It feels a little bit strange to have an adaptation of classic romance novel Far From The Madding Crowd be made for modern audiences considering how far gender politics have come since the Victorian era. Ostensibly a film about a woman trying to decide between three potential suitors and ultimately choosing the one who has acted as a companion to her for many years, through a modern progressive lens this seems to be the tale of a man who got rejected by a woman but chose to stick around as she moved from relationship to relationship, chilling in the friend zone while he waits for her to make the “right” choice. Sure, there’s something to be said about this story being from a certain era and one must take it as such, but a film adaptation of such a work is made for a modern audience, and those thematic issues have only become more obvious in the intervening 140 years.
However, that being said, this is the type of film that will draw fans of the book regardless of my criticisms of the story itself. No, this is the type of film where people go to see good acting and pretty costumes, and, like any good BBC production (which co-produced with Fox Searchlight), Madding Crowd delivers. Carrey Mulligan steals the show as Bathsheba Everdeen, as she certainly knows how to handle a close-up whether she’s teary-eyed, determined, or attempting to keep her emotions in check.
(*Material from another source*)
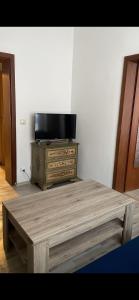 een houten tafel met een tv op een dressoir bij Apartment OB in Oberhausen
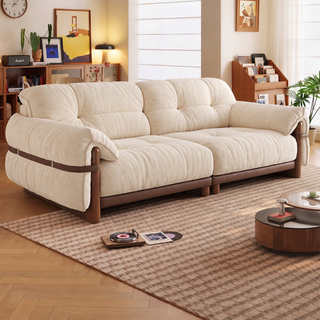 Cream fabric sofa with a wooden frame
The rest of the cast fares well too, with the notable exception of Tom Sturridge as suitor Frank Troy. Sturridge gives Frank such a flat affect that it’s hard to tell whether this was an attempt at making the abusing character more menacing or just laziness on Sturridge’s part. Either way, it doesn’t work.
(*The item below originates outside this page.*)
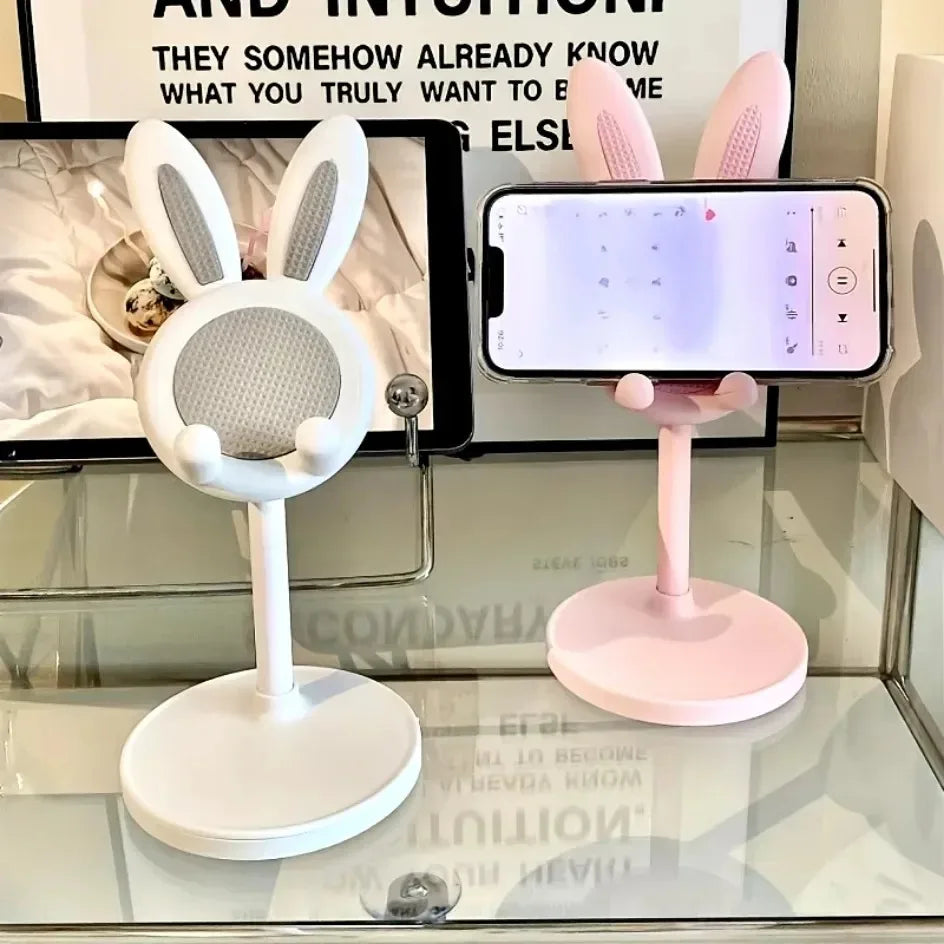 Two phone stands with bunny ears, one white and one pink, on a reflective surface.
Ultimately, though, the film doesn’t work for one main reason: it doesn’t really try to. Like I said, the acting is good and the costuming is elegant, but the whole film feels like it was shot with the efficiency of a weekly television show or a low-budget miniseries. There’s rarely anything interesting to look at except for the close-ups of the characters’ faces, but that begins to wear thin as one begins to lose interest in even the historical setting. Director Thomas Vinterberg seems to have directed this thing on auto-pilot, or at least didn’t seem to care whether his cinematographer was even awake.
Fans of the book will probably like this film regardless of anything I may say for the simple reason that it brings the novel to life. I haven’t read the book, so I can’t really speak to comparison, though I did find that the third act felt rushed and cluttered with a number of plot twists that seem to come out of nowhere. But if you aren’t a fan of the Thomas Hardy novel, I don’t think I can really recommend the adaptation, as it is a dull, by-the-numbers affair that doesn’t seem to be interested in being much more than a faithful retelling.